That’s not exactly what he said but that is what it amounted to.
Yesterday, Herman Cain, a contender for the GOP presidential nomination, announced that he would not support Texas Governor Rick Perry for president.
Herman Cain said Wednesday that he would be unable to support Rick Perry for president if the Texas governor were to eventually win the party’s nomination.
“Today, I could not support Rick Perry as the nominee for a host of reasons,” Cain said on CNN.
He cited specifically Perry’s support for in-state tuition breaks for the children of illegal immigrants.
This is little short of stunning considering Romney’s own turning a blind eye to “sanctuary cities” in Massachusetts.
Barring a deus ex machina type intervention the GOP nominee is going to be either Mitt Romney or Rick Perry. There is no doubt that Cain has gained some strength in the polls. Whether that strength is pro-Cain or a message being sent to the two front runners that they are inadequately conservative remains to be seen. Regardless, the candidates should not lose sight of the fact that the mission is to turf out Obama and his fellow travelers.
Even Mitt Romney, who also benefited from the endorsement of Tim Pawlenty when his campaign sputtered out, indicates he will support the eventual GOP nominee. Again from The Hill:
Other Republicans have shied away from similar statements, arguing that even a Republican with whom they have divergent views would be preferable to President Obama. Speaking at the Republican debate last weekend, Romney — responding to a question about which of his fellow panelists he might tap as vice president — said that any of his fellow candidates would qualify.
“You want someone who without question could become the president of the United States. These people could all fill that — that position. Any one of them would be a better president than what we have now,” Romney said.

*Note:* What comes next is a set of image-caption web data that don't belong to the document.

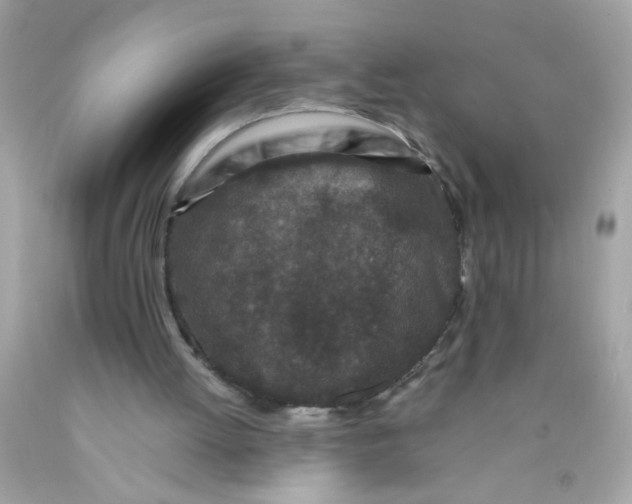 X0000089950052200707201934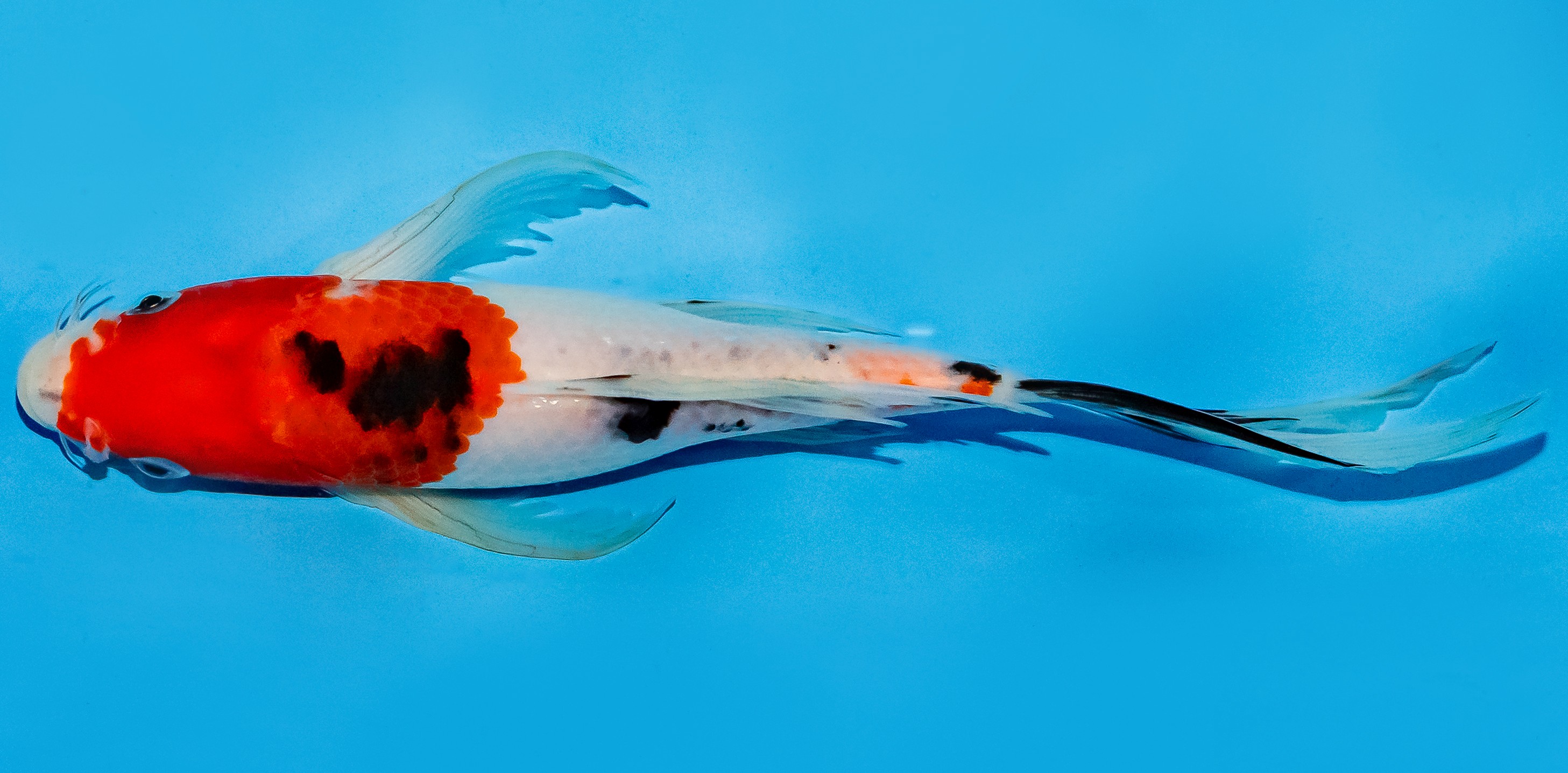 Butterfly Koi 25-30cm Nr. 5628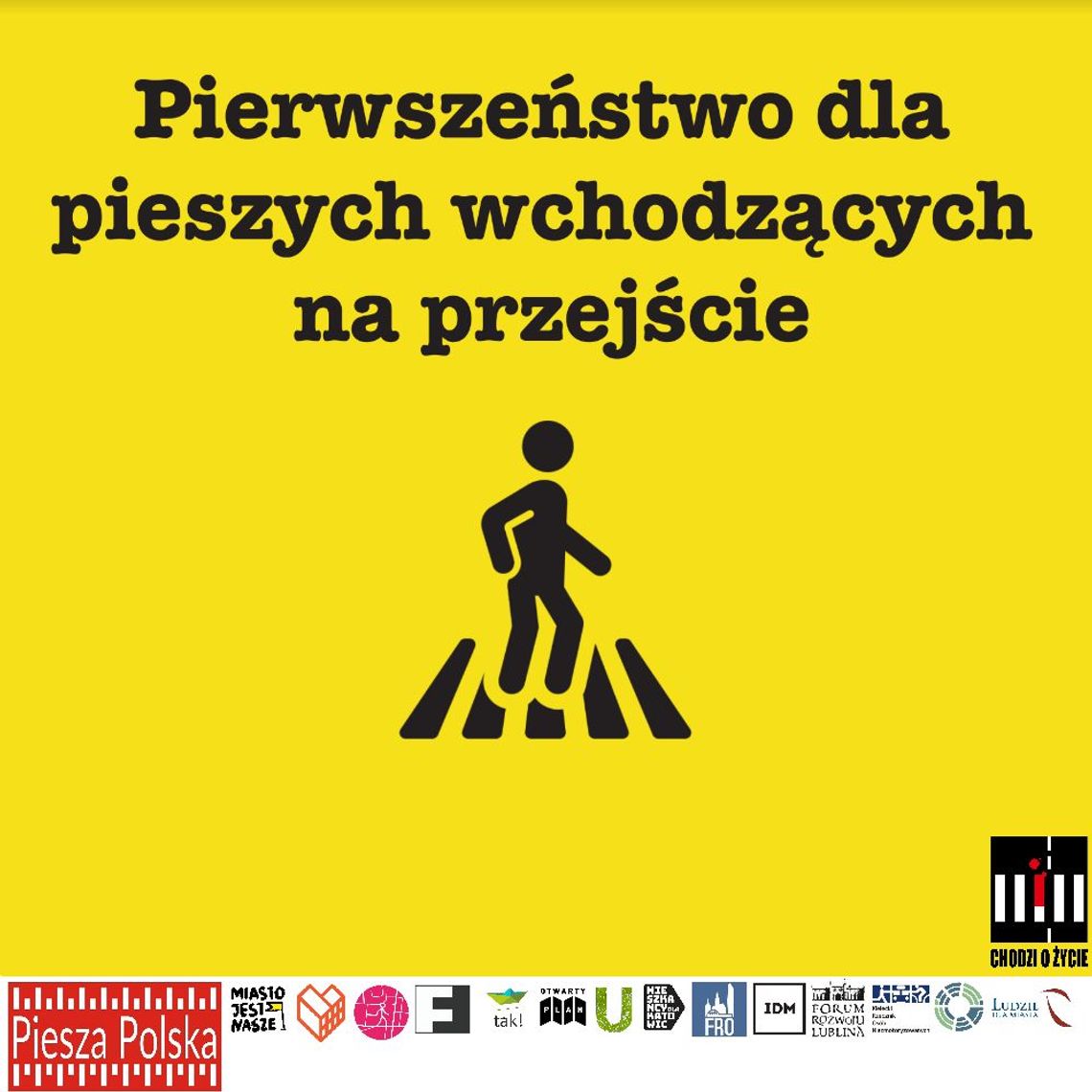 "Polskie drogi to strefa śmierci, czas to zatrzymać!" Ruchy miejskie z kilkunastu miast ruszają z kampanią #ChodziOżycie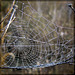 Misty Morning Spider Web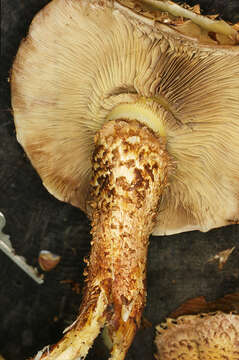 Image of shaggy scalycap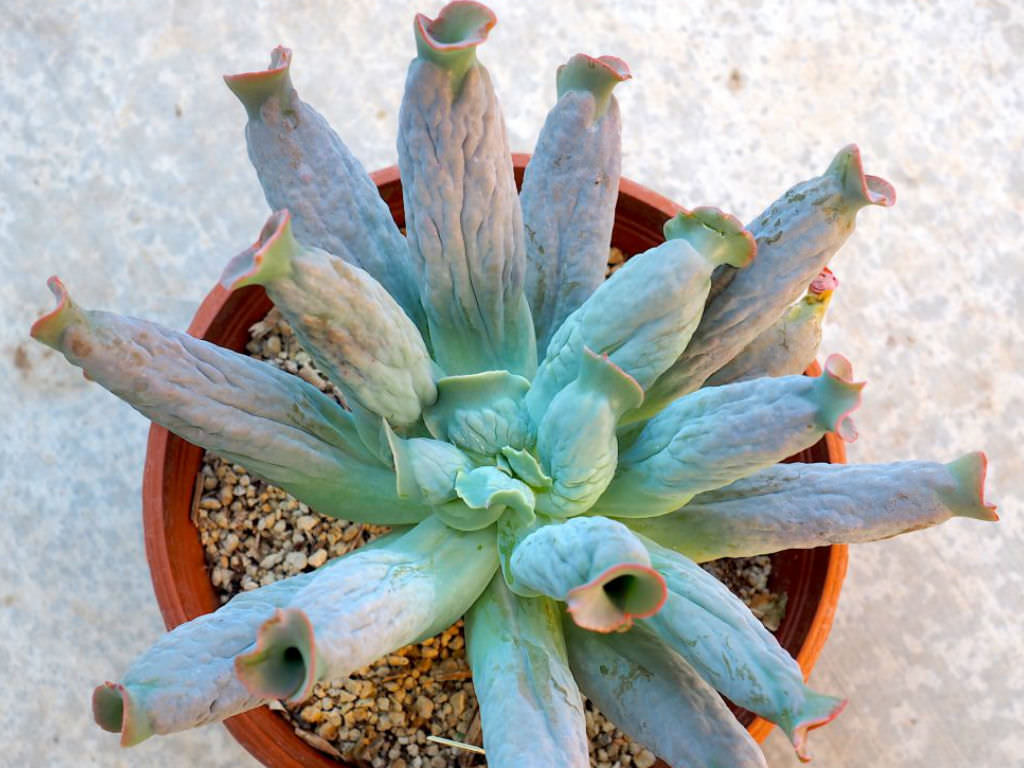 Echeveria Culibra Tudo Sobre Essa Suculenta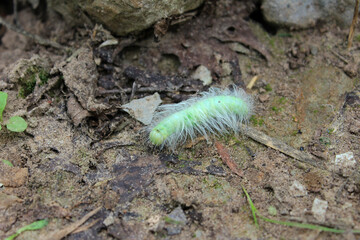 a small green caterpillar shaggy hairy crawling on the ground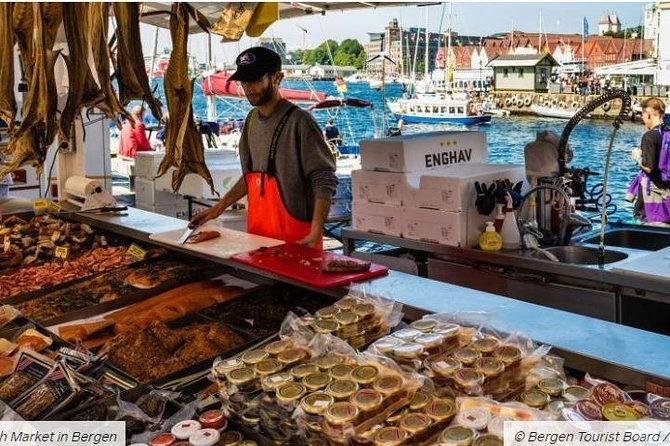 private-guided-tour-city-sightseeing-bergens-top-attractions-4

Curiously, while Cain holds the decision by the Texas Legislature on in state tuition policy for illegal immigrants to be anathema he is unconcerned about Romney’s signature role in mucking up the Massachusetts health system so long as Romney promises to repeal ObamaCare.
Cain really needs to reconsider this comment. He’s bought a lot of good will in the GOP and the conservative movement. He has proven adept at articulating a conservative vision and in driving the nomination process in the correct direction. It is very difficult, however, to see a path to the nomination for him. It would be a shame to lose his voice if Rick Perry is nominated.